Татьяна Игоревна Луганцева
Возвращение блудного самурая
Прерванный полет Карлсона
Глава 1
Лолите Игоревне Тереховой с детства не повезло. Вернее, даже не с детства, а с самого рождения. Прямо с первого дня, когда ее отцу, Игорю Владимировичу Терехову, сообщили, что у его жены, Инги Аркадьевны Тереховой, родилась дочка, а не сын. Игорь Владимирович долго не мог поверить в случившееся злодейство: на свет появился не «наследник престола», не тот, кто должен был доказать его мужскую состоятельность, а никчемное существо.
— Девочка? Нет, не может быть! Потому что просто не-воз-мож-но! Я хотел сына. Всю Ингину беременность я думал только о нем!

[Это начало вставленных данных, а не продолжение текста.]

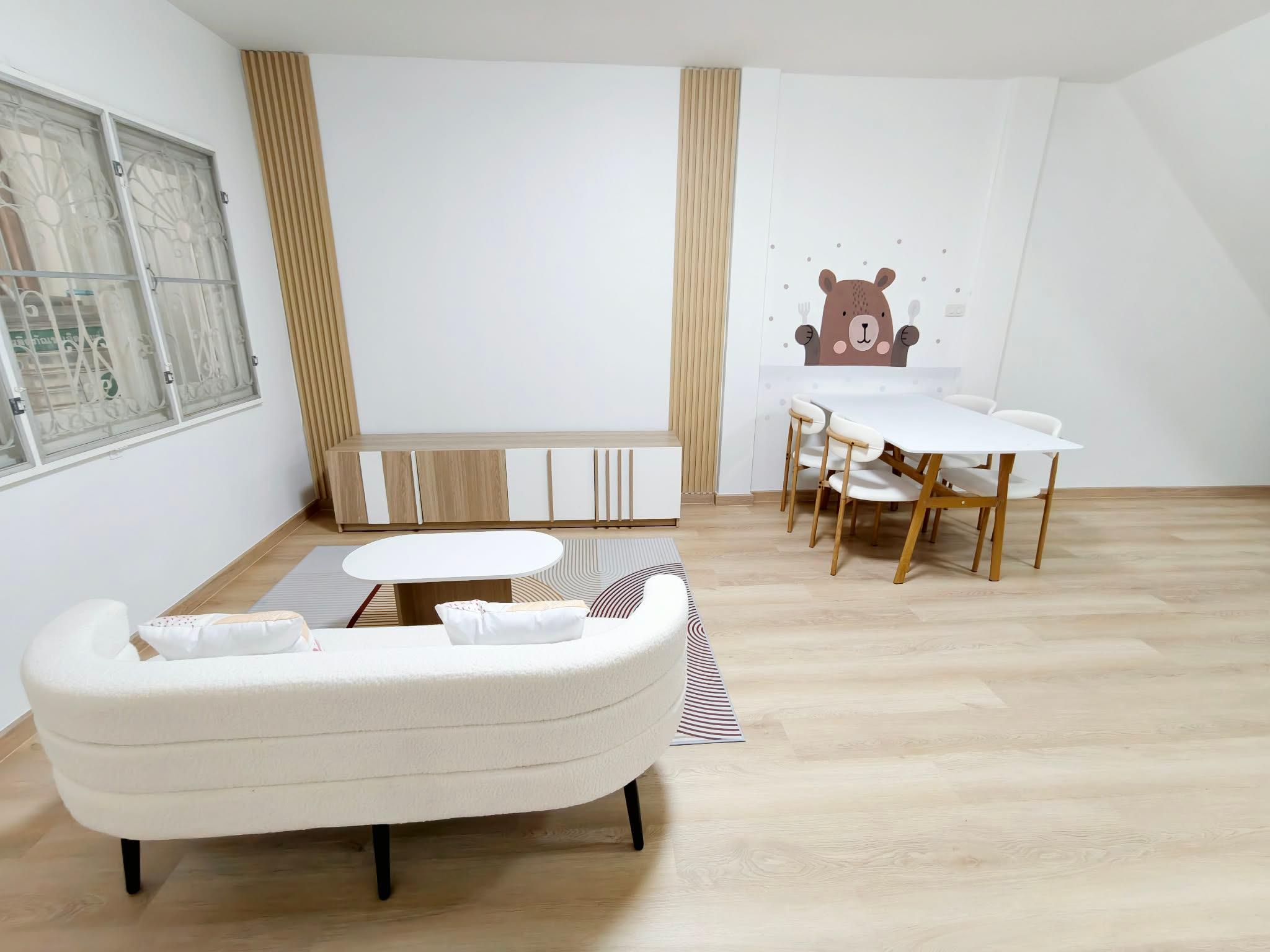 หมู่บ้านเฟื่องฟ้าวิลล่า 12 ซอยมังกร - ทาวน์เฮ้าส์ 2 ชั้น รีโนเวทใหม่เอี่ยม สวยเฉียบ พร้อมเข้าอยู่ - 2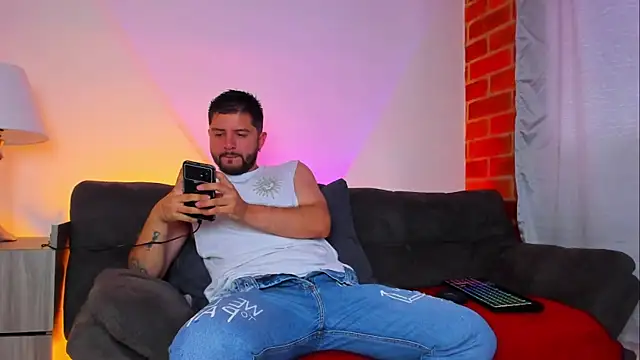 Snapshot of TomSloam chatting on October 2025 02:08:01 PM TomSloam online show from October 2025 02:08:01 PM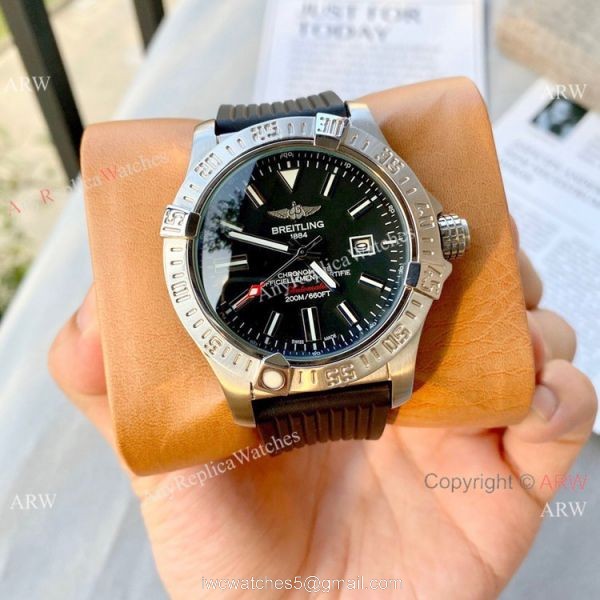 Replica Breitling Avenger Automatic 44mm Watch Blue Rubber Strap 3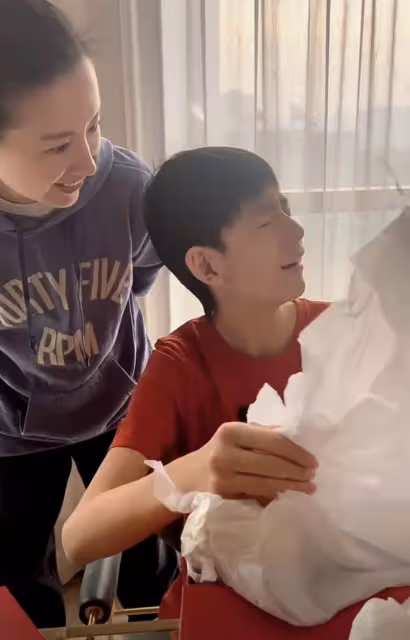 董潔冒充粉絲送兒子手機當生日禮物,14歲頂頂又哭又笑,畫風喜感
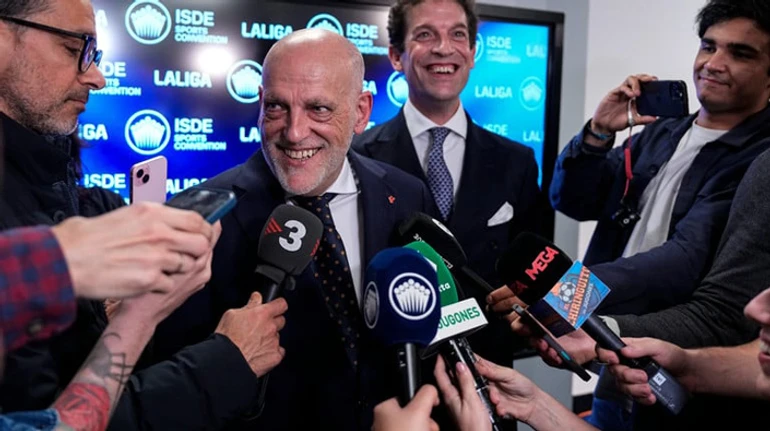 Герой для бедных, негодяй для Барселоны: как Хавьер Тебас спасает и топит испанскую Ла Лигу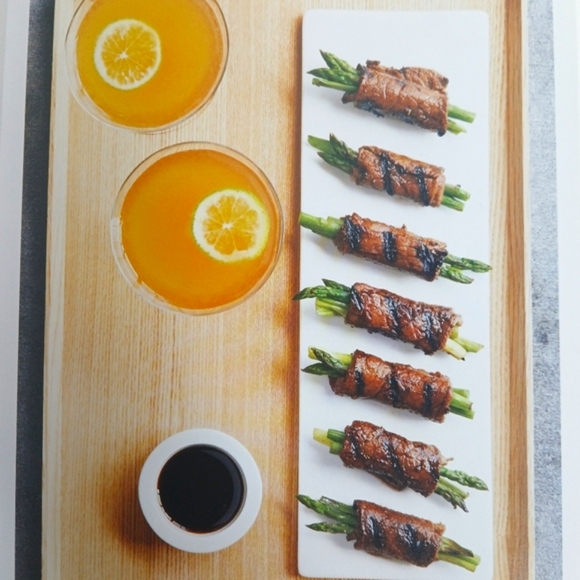 Martha Stewart's Appetizers Cocktail Cookbook 2015 First Edition Hardback - Picture 2 of 14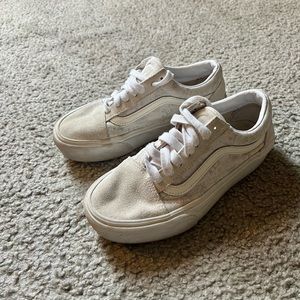 Women’s Old Skool Platform Vans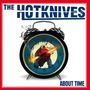 "THE HOTKNIVES" oben, "ABOUT TIME" unten; in der Mitte ein Wecker mit brennenden Zeigern und einem gezeichneten Bären.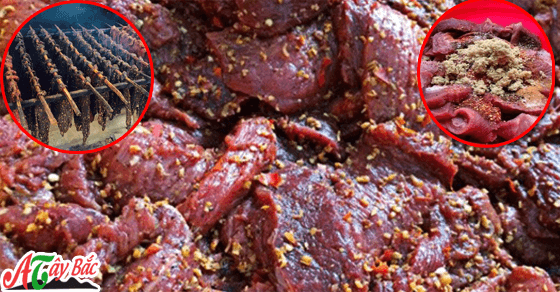 Thịt trâu tươi được thái thành miếng nhỏ bằng 3 ngón tay và được tẩm ướp đầy đủ gia vị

Беднягу можно понять. Ведь каждый второй человек на Земле — это женщина, а Игорь Владимирович наверняка пребывал мозгами в фантастической истории, когда все население на Земле было мужского пола и размножалось почкованием. Инкогнито в темном углу, чтобы никто не увидел и не рассмеялся, выпускал «почку» женского рода, чтобы все-таки гордый человек-мужчина когда-нибудь смог получить с ней исключительно физическое удовольствие.
Мужчины получали удовольствие от гонок на дорогих автомобилях, игры в карты, гольф, хоккей, от употребления дорогого коньяка, виски, курения трубки, сигар, путешествий, просмотра «Формулы-1», зарабатывания денег и еще много от чего в жизни. Наслаждение женщиной входит в этот перечень. Но чтобы получать удовольствие, надо иметь мозги, а по твердому убеждению Игоря Владимировича, мозгов у женщин изначально не наблюдалось. Так чего ждать?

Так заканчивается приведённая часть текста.